Hari Jum’at nan mulia, 25 Juni 2021, saya menerima kabar duka. Tokoh pergerakan dan politik nasional, Abdul Jalil Latuconsina (68 tahun) berpulang ke hadirat Illahi. Penanda tangan Petisi 50 termuda itu, adalah guru politik saya dan banyak anak-anak muda lain sejak zaman reformasi.

Jam 12.30, tepat selepas sholat Jum’at, Hanafi Latuconsina, menangis di ujung telepon. “Abah sudah tidak ada Mas…tadi lepas saya turun sholat,” kata Han, panggilannya, sembari terus sesenggukan.

Han Latuconsina (48 tahun), keponakan Abah Jalil, memang hampir 2 tahun ini selalu menemani. Bersama dengan Akbar, anak sulung Han yang tahun lalu baru saja lulus SMA di Ambon. Mereka berdua luar biasa. Selalu ada di samping Abah Jalil di masa akhir hidupnya. Merawat dan melayani sepenuh hati.

Innalillahi wa inna ilaihi roji’uun. Saya segera ke sana. Pak Han tenang yaa,” kata saya, tanpa bisa mengucap banyak kata. Saya hanya berpikir harus segera ke Aparna Siwalankerto Surabaya, tempat Abah selama ini tinggal dan menyiapkan pemakamannya.

Abah Jalil sudah seperti ayah saya sendiri. Abah pun menganggap saya seperti anak kandungnya. Usai reformasi 1998, hingga sekarang sudah lebih dari 23 tahun, saya terbilang sangat dekat dengan Abah.

Dalam perjalanan ke Aparna, setelah memberitahu teman-teman di beberapa grup WA, saya berpikir untuk segera memastikan lokasi pemakaman. Ini bentuk bakti terakhir saya ke Abah.

Pikiran saya hanya satu TPU Keputih yang dikelola Pemkot Surabaya. TPU Keputih di sebelah timur kampus ITS, sangat rapi dan bagus dikelola Pemkot sejak masa pemerintahan Wali Kota Tri Risma Harini.
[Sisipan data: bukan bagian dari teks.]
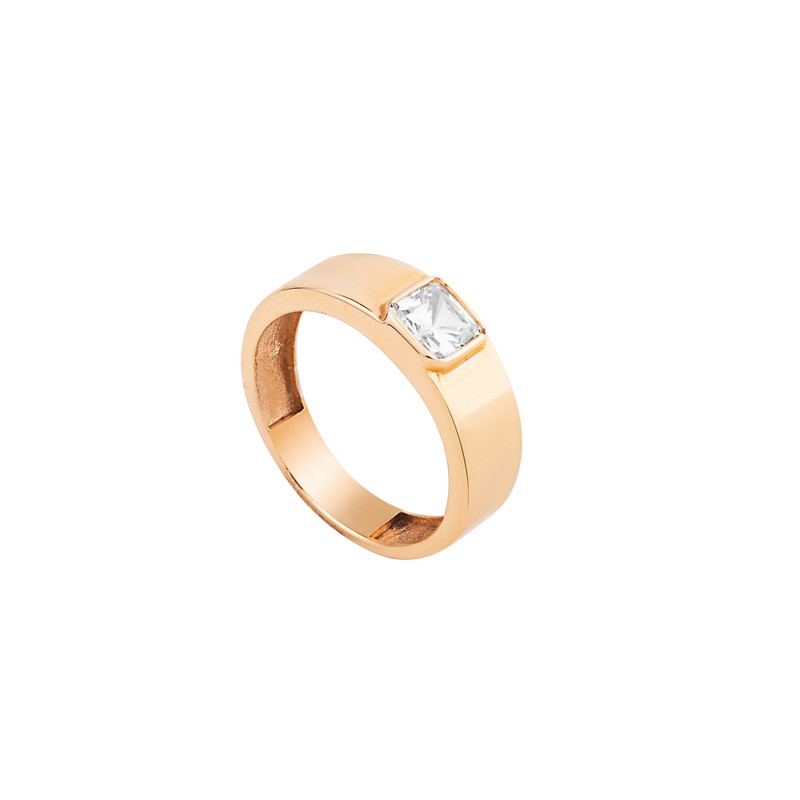 انگشتر طلا 18 عیار مردانه گالری شیدا مجد مدل مربع تک نگین زیرکن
Saya pun menghubungi Pak Irvan Widianto, Kadis Kominfo Pemkot Surabaya, selain mengabarkan Abah meninggal, juga mohon dibantu untuk lahan pemakaman di Keputih. Alhamdulillah beliau bergegas membantu dan menghubungkan ke Kadis Kebersihan Ruang Terbuka Hijau, Anna Fajriatin.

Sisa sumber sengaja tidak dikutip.